Death of a Short Sale

I didn’t used to believe that the short sale was the bane of the housing market. But that was before I tried to buy a house from a guy who was underwater on his mortgage. In February, I made an offer on a house in Kensington (that’s a neighborhood in San Diego). I offered less than the owner paid for the house but I figured something would be better than nothing for him and/or his lender.

But last week, after four months of watching the seller and his money lenders fight over small change, my wife and I gave up. We withdrew our offer to buy the house and moved on.

In the case of this short sale, the homeowner had seen his business go south and he defaulted on two mortgages. The primary lender was trying to get the second one to accept less than 20 percent on a loan that lender #2  foolishly gave the homeowner at the height of the housing boom. Lender #2 was determined to get as much as possible and eventually hired a collection agency to go after the homeowner. Going after him meant going after as much money as they could get out of me as I sought to buy the house.

Eventually, the short sale negotiator (the only person we were dealing with who actually had a name) was fired and there was nobody left to talk to. I assume the next step will be foreclosure. I just wish it had happened before I wasted four months trying to buy the house.

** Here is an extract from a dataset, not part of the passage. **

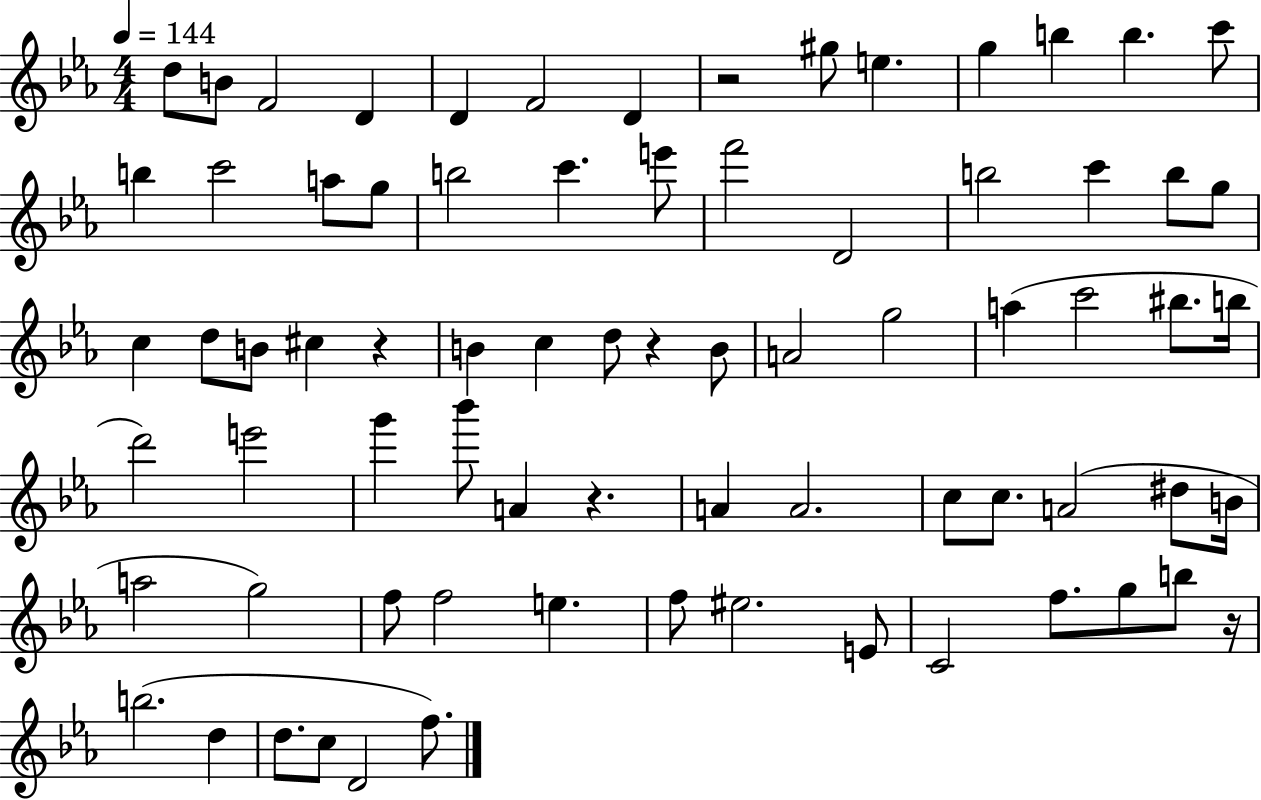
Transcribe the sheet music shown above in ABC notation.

The housing market has had its gyrations and I guess we all hope we can hold onto our homes long enough to see the ups and downs come and go. We also hope there will be more ups than downs. The California housing market has been kind to me. I was lucky enough to move to San Diego and buy in the late 90’s when housing prices were still reasonable and were headed upwards. That’s why I’ve got enough equity to try to buy something bigger.

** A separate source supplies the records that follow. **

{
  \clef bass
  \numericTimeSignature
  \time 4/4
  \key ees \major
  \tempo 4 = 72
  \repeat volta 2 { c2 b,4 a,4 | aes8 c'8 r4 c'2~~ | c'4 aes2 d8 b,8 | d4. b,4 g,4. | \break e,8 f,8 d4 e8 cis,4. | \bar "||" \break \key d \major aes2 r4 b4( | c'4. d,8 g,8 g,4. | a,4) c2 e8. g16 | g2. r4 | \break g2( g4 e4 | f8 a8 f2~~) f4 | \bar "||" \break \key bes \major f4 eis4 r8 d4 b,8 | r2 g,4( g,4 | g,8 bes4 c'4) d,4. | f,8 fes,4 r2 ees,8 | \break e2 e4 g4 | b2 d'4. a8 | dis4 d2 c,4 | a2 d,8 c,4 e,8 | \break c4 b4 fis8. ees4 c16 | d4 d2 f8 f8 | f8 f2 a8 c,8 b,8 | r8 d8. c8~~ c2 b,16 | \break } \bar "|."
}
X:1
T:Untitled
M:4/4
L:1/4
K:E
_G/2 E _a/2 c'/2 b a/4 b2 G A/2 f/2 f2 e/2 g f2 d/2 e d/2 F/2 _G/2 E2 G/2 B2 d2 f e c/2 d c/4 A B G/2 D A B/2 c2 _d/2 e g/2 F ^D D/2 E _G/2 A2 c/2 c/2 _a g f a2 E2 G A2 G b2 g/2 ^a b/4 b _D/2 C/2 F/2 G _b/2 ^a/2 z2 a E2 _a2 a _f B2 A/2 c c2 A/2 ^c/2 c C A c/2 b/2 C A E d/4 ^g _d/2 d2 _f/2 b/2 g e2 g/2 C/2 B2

Had I moved here eight years later I would have been one of those unlucky folks who went underwater.

Home ownership is a peculiarly American thing. I was speaking to a friend about a family she knows in Germany. The family has lived in the same rental apartment for two generations. Why does that seem strange to us? In the U.S., ownership is the thing that gives us a proper relationship with an inanimate object like as a house. Without ownership, your house will belong to somebody else and will therefore be alienated from you and not be a real home… or so we think.

I believe in the American dream because home ownership is a great way of saving money. If you are forced to invest in a house every month eventually you’ll have something to show for it. Someday the house may actually be paid for. But prices don’t go up forever, even in California. If you do become submerged, mortgage-wise, hopefully your house will still be your home and still be a good place to live.